- WHAT YOU SHOULD DO
For each line in the data below that has the word "Picture", copy that line.

- TASK INPUTS
※

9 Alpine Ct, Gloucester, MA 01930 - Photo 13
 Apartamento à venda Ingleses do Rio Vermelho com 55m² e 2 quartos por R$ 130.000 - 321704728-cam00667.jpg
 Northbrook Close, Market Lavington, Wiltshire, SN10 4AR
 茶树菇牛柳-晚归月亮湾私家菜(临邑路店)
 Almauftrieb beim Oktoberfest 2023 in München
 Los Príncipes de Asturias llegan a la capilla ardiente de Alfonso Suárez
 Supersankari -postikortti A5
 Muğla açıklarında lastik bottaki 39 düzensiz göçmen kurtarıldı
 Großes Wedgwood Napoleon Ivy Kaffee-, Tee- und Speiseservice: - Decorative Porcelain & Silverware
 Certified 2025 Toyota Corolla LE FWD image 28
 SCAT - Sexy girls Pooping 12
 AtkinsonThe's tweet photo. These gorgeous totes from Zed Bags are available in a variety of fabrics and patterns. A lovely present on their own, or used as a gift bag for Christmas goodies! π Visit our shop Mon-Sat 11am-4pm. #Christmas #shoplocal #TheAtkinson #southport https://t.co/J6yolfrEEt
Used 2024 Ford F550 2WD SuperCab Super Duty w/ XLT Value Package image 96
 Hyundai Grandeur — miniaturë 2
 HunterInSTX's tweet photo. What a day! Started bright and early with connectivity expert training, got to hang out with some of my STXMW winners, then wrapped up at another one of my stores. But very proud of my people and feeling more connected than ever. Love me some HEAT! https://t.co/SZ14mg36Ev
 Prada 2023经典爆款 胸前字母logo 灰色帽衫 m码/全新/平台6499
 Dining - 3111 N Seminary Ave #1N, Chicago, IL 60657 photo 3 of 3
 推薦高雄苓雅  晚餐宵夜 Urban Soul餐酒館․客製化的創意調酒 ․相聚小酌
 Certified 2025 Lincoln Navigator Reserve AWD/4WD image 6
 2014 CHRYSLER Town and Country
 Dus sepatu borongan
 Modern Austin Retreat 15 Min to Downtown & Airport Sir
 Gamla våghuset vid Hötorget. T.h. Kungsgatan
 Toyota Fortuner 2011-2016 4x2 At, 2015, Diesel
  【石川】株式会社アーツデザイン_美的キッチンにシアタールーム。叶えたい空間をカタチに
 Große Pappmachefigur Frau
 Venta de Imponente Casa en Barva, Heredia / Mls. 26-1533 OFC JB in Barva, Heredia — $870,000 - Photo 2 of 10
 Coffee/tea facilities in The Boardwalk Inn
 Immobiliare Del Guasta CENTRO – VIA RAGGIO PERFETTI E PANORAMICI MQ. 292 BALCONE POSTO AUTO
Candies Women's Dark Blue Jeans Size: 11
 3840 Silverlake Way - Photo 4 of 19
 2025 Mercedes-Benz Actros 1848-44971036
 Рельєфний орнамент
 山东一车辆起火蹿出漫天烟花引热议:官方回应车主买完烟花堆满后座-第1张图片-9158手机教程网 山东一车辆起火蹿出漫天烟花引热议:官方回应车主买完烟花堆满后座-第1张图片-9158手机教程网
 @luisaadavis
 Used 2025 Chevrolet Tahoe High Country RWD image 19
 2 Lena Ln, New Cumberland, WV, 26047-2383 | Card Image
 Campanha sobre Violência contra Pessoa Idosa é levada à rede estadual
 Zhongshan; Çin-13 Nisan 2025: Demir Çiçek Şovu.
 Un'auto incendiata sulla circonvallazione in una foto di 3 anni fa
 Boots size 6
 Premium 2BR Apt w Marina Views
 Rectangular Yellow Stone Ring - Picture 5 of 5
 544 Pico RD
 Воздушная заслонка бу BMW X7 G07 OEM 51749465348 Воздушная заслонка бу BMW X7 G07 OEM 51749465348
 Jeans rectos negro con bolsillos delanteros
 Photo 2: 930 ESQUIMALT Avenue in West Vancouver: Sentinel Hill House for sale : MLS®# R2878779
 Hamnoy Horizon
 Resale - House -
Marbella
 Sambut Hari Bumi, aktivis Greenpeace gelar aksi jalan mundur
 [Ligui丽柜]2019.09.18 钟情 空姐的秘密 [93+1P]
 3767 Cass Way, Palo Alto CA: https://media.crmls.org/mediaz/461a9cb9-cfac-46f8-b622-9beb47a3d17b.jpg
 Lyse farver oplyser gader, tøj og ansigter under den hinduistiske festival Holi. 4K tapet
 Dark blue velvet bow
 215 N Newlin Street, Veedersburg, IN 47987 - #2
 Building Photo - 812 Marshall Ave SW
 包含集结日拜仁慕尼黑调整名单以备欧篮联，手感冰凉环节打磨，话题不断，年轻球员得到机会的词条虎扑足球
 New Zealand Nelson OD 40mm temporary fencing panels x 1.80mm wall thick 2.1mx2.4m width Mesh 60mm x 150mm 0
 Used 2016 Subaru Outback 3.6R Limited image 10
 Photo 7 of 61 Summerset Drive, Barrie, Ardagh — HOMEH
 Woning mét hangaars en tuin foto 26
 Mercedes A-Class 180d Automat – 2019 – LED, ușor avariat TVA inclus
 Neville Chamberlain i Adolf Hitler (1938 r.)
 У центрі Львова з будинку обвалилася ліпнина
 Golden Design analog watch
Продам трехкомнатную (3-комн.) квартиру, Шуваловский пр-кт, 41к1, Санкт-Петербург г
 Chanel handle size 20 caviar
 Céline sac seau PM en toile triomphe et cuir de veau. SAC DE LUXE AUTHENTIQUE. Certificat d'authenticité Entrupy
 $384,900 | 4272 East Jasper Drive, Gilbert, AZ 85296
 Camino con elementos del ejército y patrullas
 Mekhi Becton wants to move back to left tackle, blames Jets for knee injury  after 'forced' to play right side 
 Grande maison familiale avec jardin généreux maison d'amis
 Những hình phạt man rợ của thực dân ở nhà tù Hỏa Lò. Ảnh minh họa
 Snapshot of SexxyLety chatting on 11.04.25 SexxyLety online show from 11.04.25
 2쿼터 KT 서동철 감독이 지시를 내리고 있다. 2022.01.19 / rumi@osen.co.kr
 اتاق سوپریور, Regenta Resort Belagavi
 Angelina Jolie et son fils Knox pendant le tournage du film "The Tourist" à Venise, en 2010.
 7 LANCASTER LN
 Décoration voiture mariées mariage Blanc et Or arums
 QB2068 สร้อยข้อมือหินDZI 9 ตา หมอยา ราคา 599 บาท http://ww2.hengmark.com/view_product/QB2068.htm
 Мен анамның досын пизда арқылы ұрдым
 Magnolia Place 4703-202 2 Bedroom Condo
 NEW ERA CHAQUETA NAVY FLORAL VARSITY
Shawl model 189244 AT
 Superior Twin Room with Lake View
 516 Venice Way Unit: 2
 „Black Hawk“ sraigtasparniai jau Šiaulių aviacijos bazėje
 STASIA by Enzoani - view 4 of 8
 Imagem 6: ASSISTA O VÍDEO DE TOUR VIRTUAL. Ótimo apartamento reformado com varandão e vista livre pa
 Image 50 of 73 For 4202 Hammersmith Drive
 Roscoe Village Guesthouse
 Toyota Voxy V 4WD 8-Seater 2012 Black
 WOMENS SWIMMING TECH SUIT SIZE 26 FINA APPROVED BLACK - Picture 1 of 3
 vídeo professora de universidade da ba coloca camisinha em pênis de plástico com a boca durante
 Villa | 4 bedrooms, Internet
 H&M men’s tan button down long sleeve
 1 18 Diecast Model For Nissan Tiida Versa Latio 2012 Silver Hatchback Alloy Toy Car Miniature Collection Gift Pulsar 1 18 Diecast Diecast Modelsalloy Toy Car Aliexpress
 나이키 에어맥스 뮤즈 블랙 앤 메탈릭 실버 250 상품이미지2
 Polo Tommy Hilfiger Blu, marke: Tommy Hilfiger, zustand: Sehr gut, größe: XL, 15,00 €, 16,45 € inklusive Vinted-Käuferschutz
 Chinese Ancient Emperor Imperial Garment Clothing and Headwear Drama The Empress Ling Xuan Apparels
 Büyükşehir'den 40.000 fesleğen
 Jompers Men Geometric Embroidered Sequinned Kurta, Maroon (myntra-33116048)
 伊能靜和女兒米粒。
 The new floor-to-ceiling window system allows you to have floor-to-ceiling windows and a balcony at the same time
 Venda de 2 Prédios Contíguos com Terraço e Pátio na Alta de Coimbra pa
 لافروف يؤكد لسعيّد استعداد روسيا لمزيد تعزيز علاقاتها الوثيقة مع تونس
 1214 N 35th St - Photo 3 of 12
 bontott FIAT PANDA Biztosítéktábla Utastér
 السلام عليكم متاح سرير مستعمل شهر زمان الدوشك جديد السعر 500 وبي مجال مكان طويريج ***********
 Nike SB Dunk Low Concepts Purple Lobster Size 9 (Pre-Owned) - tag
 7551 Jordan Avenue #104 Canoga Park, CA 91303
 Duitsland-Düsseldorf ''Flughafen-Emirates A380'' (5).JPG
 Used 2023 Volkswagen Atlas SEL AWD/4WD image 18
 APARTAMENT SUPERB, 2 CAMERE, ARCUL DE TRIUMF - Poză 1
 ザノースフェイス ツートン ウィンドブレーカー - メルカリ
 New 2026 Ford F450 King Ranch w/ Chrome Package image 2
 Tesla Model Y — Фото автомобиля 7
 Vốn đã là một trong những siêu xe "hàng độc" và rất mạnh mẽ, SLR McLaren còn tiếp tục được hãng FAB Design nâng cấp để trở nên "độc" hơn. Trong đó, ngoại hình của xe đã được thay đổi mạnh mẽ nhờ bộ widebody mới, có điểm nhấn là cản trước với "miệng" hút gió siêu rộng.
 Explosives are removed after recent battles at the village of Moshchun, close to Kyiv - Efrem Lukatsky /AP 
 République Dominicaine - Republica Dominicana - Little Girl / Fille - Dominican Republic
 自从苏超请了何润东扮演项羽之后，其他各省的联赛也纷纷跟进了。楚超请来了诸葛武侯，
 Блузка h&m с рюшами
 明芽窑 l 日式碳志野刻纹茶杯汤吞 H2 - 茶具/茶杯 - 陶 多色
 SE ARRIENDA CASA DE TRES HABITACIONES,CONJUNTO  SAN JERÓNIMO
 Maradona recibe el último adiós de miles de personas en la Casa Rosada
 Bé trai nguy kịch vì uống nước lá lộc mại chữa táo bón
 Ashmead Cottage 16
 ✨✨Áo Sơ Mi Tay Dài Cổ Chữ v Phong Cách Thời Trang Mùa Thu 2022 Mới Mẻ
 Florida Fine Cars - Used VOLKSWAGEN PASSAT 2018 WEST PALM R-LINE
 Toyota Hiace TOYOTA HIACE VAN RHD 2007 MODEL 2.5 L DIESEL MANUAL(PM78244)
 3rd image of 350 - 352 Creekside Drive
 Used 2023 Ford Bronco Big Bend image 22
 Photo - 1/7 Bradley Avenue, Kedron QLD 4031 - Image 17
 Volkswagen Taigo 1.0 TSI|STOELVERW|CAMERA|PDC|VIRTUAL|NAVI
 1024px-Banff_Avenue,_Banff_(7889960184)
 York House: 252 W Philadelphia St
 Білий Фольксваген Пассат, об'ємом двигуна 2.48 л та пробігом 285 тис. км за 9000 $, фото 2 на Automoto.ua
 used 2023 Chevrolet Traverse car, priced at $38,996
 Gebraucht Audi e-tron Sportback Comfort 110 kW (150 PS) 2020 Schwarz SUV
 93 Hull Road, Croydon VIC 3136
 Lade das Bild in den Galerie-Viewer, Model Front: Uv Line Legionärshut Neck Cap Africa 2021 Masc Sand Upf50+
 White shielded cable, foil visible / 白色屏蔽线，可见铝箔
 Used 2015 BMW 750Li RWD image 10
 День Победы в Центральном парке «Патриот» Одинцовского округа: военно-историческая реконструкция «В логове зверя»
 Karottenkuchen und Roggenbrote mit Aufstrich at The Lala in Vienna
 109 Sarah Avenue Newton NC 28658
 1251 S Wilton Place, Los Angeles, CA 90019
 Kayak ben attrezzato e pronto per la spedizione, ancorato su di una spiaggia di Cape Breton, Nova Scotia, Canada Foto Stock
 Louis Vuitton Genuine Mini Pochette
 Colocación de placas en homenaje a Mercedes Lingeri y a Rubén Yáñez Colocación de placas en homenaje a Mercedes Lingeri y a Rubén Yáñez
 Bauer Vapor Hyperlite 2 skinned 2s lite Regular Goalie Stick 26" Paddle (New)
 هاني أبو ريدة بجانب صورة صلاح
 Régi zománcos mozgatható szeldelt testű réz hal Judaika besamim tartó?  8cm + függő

※

- RESULT BELOW
 Rectangular Yellow Stone Ring - Picture 5 of 5
 WOMENS SWIMMING TECH SUIT SIZE 26 FINA APPROVED BLACK - Picture 1 of 3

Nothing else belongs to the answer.